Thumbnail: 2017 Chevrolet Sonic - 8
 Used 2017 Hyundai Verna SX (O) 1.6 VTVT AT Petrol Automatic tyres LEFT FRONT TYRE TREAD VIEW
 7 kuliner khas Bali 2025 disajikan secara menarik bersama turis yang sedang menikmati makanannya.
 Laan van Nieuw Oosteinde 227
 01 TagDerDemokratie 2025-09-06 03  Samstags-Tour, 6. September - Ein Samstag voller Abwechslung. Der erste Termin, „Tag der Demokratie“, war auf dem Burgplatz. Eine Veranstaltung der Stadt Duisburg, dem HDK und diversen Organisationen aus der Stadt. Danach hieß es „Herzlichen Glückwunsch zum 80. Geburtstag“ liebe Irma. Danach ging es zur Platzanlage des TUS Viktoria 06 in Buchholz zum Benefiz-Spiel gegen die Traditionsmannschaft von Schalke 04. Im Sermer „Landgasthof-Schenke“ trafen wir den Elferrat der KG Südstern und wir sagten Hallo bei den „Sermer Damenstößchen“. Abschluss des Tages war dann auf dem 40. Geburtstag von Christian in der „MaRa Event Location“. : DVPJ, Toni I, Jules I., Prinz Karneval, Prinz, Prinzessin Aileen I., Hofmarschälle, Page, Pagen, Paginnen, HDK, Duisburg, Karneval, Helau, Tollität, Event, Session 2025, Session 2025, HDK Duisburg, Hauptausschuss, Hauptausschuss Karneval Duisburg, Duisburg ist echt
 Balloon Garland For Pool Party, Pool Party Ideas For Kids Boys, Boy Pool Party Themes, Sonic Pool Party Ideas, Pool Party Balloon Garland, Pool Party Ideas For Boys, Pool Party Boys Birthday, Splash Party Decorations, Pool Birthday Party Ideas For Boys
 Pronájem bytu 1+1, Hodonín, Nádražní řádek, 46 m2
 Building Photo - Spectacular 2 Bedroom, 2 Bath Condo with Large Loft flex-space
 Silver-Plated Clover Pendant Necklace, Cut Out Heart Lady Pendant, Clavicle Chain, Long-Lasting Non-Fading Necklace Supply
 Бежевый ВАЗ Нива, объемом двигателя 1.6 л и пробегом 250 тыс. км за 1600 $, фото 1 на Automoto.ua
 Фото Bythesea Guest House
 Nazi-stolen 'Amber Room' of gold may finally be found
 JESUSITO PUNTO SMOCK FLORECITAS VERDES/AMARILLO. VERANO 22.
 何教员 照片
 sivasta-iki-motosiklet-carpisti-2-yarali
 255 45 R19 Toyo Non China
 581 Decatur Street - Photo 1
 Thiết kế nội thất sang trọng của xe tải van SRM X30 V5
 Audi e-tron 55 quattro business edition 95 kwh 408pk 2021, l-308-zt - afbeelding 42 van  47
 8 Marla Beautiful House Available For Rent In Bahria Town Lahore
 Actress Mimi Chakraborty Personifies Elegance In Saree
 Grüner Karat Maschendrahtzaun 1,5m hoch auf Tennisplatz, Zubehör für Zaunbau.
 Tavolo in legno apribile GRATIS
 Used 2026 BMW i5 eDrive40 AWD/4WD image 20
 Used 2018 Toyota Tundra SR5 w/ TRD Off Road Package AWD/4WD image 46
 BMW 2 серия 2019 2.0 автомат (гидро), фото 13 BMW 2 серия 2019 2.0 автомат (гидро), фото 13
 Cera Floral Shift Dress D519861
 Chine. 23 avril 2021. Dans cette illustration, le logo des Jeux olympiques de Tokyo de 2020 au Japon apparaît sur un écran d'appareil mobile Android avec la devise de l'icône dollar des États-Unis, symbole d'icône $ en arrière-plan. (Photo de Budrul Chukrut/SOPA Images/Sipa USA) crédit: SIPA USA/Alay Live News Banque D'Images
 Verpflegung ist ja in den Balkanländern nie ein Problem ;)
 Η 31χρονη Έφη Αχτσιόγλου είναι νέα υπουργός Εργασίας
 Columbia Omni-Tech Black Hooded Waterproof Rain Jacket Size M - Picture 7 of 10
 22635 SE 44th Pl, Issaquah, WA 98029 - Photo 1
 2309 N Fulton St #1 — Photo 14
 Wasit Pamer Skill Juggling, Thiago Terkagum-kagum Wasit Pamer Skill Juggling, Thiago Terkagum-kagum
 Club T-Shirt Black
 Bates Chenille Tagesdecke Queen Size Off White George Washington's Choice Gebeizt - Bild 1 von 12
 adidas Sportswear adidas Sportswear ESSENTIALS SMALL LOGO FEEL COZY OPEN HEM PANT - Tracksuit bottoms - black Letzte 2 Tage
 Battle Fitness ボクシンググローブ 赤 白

=-=-=

▶ _Exercise_
Reply with a number alone, the number of lines of the records that hold the word "House".

▶ _Expected answer_
2